If you want to undo deduplication, reply with:
#syz undup

Andrei Vagin

unread,
Nov 15, 2023, 10:21:23 PM11/15/23
to syzbot, Peter Xu, Muhammad Usama Anjum, linux-...@vger.kernel.org, linux-...@vger.kernel.org, syzkall...@googlegroups.com
Cc: Peter and Muhammad

Peter Xu

unread,
Nov 15, 2023, 10:21:32 PM11/15/23
to Andrei Vagin, syzbot, Muhammad Usama Anjum, linux-...@vger.kernel.org, linux-...@vger.kernel.org, syzkall...@googlegroups.com
Hi, Andrei, Muhammad,

I had a look (as it triggered the guard I added before..), and I think I
know what happened. So far I think it's a question to the new ioctl()
interface, which I'd like to double check with you all. See below.

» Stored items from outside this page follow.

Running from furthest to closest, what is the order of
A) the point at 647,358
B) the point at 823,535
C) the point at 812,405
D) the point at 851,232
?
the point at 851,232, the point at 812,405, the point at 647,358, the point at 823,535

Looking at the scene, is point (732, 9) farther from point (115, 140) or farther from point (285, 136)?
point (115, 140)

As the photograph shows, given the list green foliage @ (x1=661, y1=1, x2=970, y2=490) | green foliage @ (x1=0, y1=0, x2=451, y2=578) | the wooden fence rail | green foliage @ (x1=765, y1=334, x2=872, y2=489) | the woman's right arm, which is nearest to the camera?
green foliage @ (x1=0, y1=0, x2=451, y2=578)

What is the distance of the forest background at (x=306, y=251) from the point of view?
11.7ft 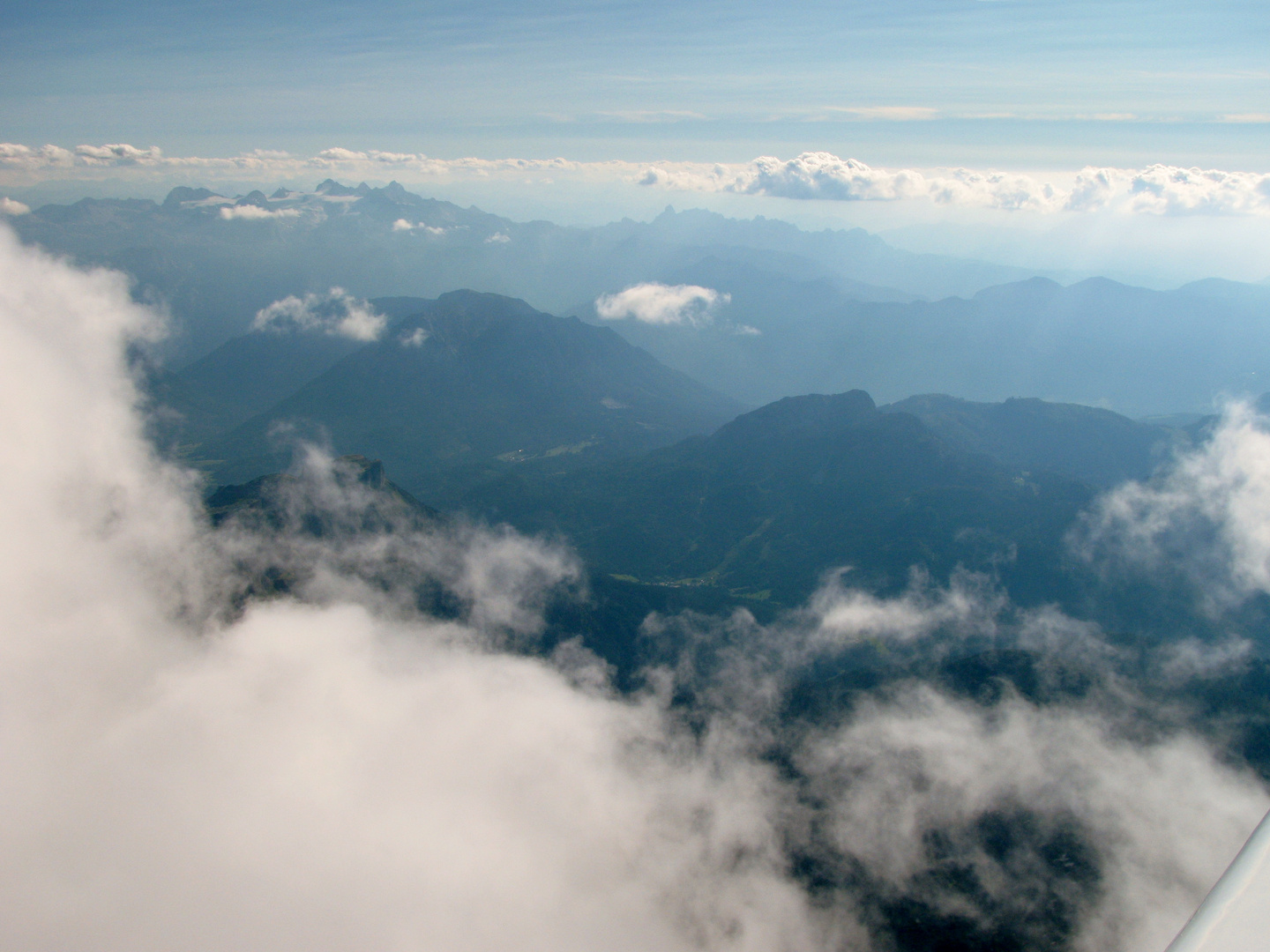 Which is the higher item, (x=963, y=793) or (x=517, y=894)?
(x=963, y=793)

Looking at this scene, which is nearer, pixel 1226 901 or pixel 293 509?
pixel 1226 901

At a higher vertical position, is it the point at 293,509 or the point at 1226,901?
the point at 1226,901

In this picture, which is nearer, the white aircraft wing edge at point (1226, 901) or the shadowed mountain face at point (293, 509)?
the white aircraft wing edge at point (1226, 901)

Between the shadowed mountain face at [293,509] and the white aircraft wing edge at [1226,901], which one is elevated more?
the white aircraft wing edge at [1226,901]

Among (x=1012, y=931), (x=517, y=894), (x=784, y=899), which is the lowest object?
(x=517, y=894)

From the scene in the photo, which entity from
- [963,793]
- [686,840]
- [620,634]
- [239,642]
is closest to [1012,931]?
[963,793]

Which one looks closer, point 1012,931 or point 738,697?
point 1012,931

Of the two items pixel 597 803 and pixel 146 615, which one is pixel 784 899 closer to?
pixel 597 803

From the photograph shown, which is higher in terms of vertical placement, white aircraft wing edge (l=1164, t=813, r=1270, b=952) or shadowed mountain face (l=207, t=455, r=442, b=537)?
white aircraft wing edge (l=1164, t=813, r=1270, b=952)

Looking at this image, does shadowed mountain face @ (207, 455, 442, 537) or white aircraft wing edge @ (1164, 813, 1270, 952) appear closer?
white aircraft wing edge @ (1164, 813, 1270, 952)

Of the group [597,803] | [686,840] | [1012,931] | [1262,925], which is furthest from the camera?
[597,803]

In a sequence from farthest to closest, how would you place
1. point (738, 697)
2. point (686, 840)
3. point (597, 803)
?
point (738, 697), point (597, 803), point (686, 840)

On Wed, Nov 15, 2023 at 01:07:18PM -0800, Andrei Vagin wrote:
> Cc: Peter and Muhammad
>
> On Wed, Nov 15, 2023 at 6:41 AM syzbot
> <syzbot+e94c5a...@syzkaller.appspotmail.com> wrote:
> >
> > Hello,
> >
> > syzbot found the following issue on:
> >
> > HEAD commit: c42d9eeef8e5 Merge tag 'hardening-v6.7-rc2' of git://git.k..
> > git tree: upstream
> > console+strace: https://syzkaller.appspot.com/x/log.txt?x=13626650e80000
> > kernel config: https://syzkaller.appspot.com/x/.config?x=84217b7fc4acdc59
> > dashboard link: https://syzkaller.appspot.com/bug?extid=e94c5aaf7890901ebf9b
> > compiler: gcc (Debian 12.2.0-14) 12.2.0, GNU ld (GNU Binutils for Debian) 2.40
> > syz repro: https://syzkaller.appspot.com/x/repro.syz?x=15d73be0e80000
> > C reproducer: https://syzkaller.appspot.com/x/repro.c?x=13670da8e80000
> >
> > Downloadable assets:
> > disk image: https://storage.googleapis.com/syzbot-assets/a595d90eb9af/disk-c42d9eee.raw.xz
> > vmlinux: https://storage.googleapis.com/syzbot-assets/c1e726fedb94/vmlinux-c42d9eee.xz
> > kernel image: https://storage.googleapis.com/syzbot-assets/cb43ae262d09/bzImage-c42d9eee.xz
> >
> > IMPORTANT: if you fix the issue, please add the following tag to the commit:
> > Reported-by: syzbot+e94c5a...@syzkaller.appspotmail.com
> >
> > ------------[ cut here ]------------
> > WARNING: CPU: 1 PID: 5071 at arch/x86/include/asm/pgtable.h:403 pte_uffd_wp arch/x86/include/asm/pgtable.h:403 [inline]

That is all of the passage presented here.